Nick Clegg: Britain's kingmaker despite poll letdown
Liberal Democrat leader Nick Clegg emerged as the star of Britain's election campaign, and while his popularity failed to translate into seats in parliament, he still held power Friday as kingmaker.
Clegg's confident performance in three TV debates opposite Labour Prime Minister Gordon Brown and Conservative leader David Cameron thrust his third party into second place in opinion polls and electrified the race.
At the height of "Cleggmania", the 43-year-old was named the most popular British party leader since Winston Churchill and was compared to US President Barack Obama for his message of change.
It was a marked change from the past -- a BBC poll in September found 36 percent of voters had never heard of Clegg.
But it did not last, and soon after polls closed in Thursday's election it became clear the Lib Dems had made little progress and would even lose seats.

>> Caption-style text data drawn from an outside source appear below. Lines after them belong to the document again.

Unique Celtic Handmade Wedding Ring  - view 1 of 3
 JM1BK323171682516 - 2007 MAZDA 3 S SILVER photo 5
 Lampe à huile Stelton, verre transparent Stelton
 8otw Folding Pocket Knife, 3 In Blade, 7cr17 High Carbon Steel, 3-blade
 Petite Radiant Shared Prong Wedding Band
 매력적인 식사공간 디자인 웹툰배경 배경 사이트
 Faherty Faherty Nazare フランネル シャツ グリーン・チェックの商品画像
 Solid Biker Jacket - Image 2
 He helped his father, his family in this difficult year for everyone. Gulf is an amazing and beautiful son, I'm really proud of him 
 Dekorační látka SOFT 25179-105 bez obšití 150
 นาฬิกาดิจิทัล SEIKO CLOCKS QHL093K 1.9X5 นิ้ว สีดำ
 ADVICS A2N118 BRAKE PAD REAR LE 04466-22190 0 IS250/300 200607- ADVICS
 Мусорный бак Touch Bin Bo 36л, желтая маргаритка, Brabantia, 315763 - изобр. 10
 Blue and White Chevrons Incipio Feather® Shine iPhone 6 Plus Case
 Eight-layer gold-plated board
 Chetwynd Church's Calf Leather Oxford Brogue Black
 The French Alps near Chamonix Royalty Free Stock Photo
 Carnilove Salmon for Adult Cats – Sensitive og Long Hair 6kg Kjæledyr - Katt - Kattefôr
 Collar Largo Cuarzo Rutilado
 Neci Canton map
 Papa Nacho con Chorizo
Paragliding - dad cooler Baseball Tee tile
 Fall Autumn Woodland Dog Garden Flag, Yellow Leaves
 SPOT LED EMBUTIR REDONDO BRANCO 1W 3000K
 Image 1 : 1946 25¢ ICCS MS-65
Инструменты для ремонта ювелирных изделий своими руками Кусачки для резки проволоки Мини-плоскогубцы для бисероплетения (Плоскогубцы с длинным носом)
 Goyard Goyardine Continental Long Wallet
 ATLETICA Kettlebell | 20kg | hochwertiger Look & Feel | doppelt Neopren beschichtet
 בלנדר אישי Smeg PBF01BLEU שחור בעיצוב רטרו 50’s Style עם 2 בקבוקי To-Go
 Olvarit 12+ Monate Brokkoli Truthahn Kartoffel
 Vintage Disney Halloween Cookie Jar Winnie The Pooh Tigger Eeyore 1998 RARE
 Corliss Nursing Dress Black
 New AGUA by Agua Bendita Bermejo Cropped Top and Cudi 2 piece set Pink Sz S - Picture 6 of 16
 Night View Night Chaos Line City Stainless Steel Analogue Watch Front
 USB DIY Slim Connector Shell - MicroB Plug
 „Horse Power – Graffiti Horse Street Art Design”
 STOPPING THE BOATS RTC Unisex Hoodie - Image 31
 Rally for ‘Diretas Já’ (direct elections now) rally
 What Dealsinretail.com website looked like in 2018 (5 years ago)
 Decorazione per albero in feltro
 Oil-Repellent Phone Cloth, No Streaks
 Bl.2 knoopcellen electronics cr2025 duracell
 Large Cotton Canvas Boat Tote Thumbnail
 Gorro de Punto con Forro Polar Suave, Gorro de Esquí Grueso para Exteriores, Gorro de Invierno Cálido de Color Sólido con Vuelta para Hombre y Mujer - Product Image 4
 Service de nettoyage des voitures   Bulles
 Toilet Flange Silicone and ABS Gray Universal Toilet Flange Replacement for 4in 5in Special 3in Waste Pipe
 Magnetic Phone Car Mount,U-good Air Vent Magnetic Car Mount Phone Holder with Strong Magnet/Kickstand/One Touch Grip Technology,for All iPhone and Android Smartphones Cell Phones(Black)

However, as the results confirmed the Conservatives won the biggest share of seats but not the majority they need to form a government, the Lib Dems have found themselves in the middle of a flurry of deal-making.
Brown's Labour Party began to court them with an eye to staying in power with their support, but Clegg said he believed the Tories should be the first to try to form a government.
Clegg was elected Lib Dem leader in December 2007, just two years after he first entered parliament as lawmaker for Sheffield Hallam in northern England, and has always been ambitious.
He made a name for himself early on with his strong defence of civil liberties and by breaking a parliamentary taboo by openly criticising the war in Afghanistan.
His fervent support of the European Union and the euro and his international background has singled him out among British politicians, but his privileged past has also drawn comparisons with the Eton-educated Cameron.
Nicholas William Peter Clegg was born on January 7, 1967, and brought up in the affluent village of Chalfont St. Giles in Buckinghamshire, northwest of London, with two brothers and a sister.
His family history is exotic -- his mother is Dutch, having been born in Indonesia and held in a Japanese internment camp before she came to Britain aged 12, while his wealthy banker father is half-Russian.
His wife Miriam is a Spanish commercial lawyer. They married in 2000 and their children -- Antonio, Alberto and Miguel -- are all bilingual. Clegg himself speaks Dutch, French, German and Spanish.
Clegg's internationalism prompted the right-wing Daily Mail newspaper to question his Englishness and, citing a 2002 essay in which he said Britain had a "tenacious obsession" with World War II, to accuse him of being unpatriotic.
Clegg attended London's elite Westminster school alongside a young Helena Bonham Carter, the future Hollywood star.
He got into trouble as a 16-year-old there when he got drunk and set fire to a collection of rare cacti on a school trip to Munich.
He went on to study social anthropology at Cambridge University, where he starred in a play directed by future Oscar-winner Sam Mendes, who remains a friend.
He completed his education at the University of Minnesota and the College of Europe in Bruges, where he met his future wife, the "love of his life".
Before that, Clegg enjoyed the single life -- he told GQ magazine in a now notorious 2008 interview that he had slept with "no more than 30" women, earning him the nickname "Nick Clegg-over".
Clegg was briefly a journalist and a political consultant before joining the European Commission where he worked for five years, including as senior aide to Commission vice president Leon Brittan, a Conservative.
He subsequently stood as a Liberal Democrat member of the European Parliament in 1999, a job he held until 2004.
At that point, finding the travelling too much for his young family, Clegg stood down and returned to England where he worked as a lecturer and a part-time lobbyist before joining parliament in 2005.